A demo project for elaborating how hot and cold retries can be applied in Apache Kafka®. This repository will be the source and reference codebase of my blog post.
You can reach to the further details from this link
It includes:
- Application configuration and configuration class to read it
- Consumer factory to create necessary listener container beans and dead letter queue forwarder
- Simple service layer which logs the upcoming messages and to create the erroneous cases
- Topic forwarding strategies and header utilization examples in those strategies
- Consumer examples for hot and cold retries
Utilities:
- Also, you can find a simple Kafka cluster to create your own playground before running the application
The repository comes with a simple Apache Kafka® cluster utilized by docker compose
. As a preliminary condition, you
may need to run it if there is no connectable Kafka cluster available. Otherwise, you can configure host and port
information from application.yml
$ cd kafka-hot-and-cold-retries
$ docker compose up # To make Kafka cluster up and running
$ gradle bootRun # To make the application up and running
As depicted in the below figure, our journey starts with our producer. It publishes the message on the target topic, and the consumer starts processing. There will not be any problem while consuming in the happy path, and the consumer will be able to process the message.

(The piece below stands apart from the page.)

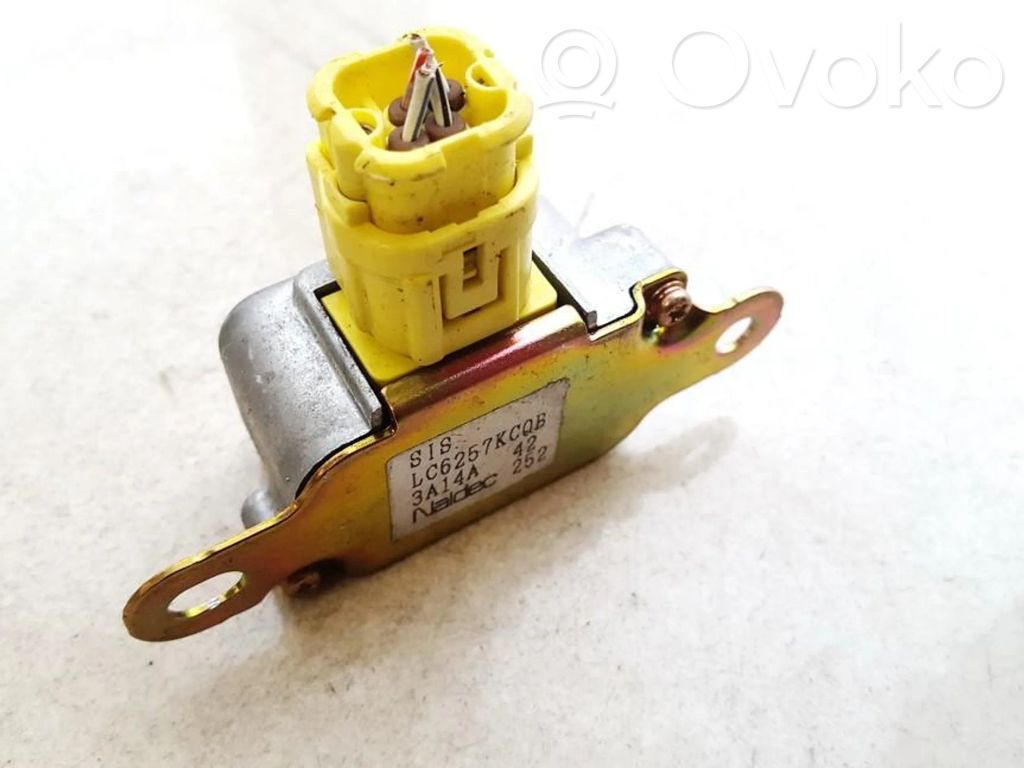 Sensor impacto/accidente para activar Airbag   LC6257KC0B,LC6257KC0B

But, if the consumer encounters an exception, it will first check whether any hot retry is defined or not. If so, we will try the message consumption up until maximum hot retry attempt or it succeeds in consuming the message. If it fails and reaches the maximum threshold, then it checks whether the cold retry configuration is defined or not. In the worst-case scenario where we do not have any cold retry configured, the message goes to the dead letter queue (DLQ). Otherwise, we will forward the message to the cold retry topic, and make it be processed with some delay. That is why these kinds of topics are called delayed topics.
Note that the delayed topics do not differ from the normal topics in terms of topology but in terminology. You will see that they could also have a hot retry defined in them or even another cold retry topic chained next to another delay topic.
Now, we have forwarded the message to our cold retry topic. One of the main aims here is to chain delay topics with themselves or other ones without blocking the other messages in the same partition. To do that, we will implement the topic forwarding logic for cold retries. Hence, a failure on a cold retry topic will lead to publishing the same message into the same topic again and skipping the current offset. Also, to have a retry threshold, we put custom headers on the topics and check the attempt value in the next consumption. By doing so, the current offset’s message will not block the next offset, and the current failed message will get its new offset at the end of the same partition after incrementing the attempt count (Yay!). Still, it is possible that we can reach the maximum attempt count limit on the cold retry. As a result, this will cause either publishing the message to the next cold retry topic if defined or the dead letter queue as a sink point.
As you can see from the overall flow, the consumers will handle each forwarded message as a fresh message and apply the hot and cold retrials on them again and again in case of failure.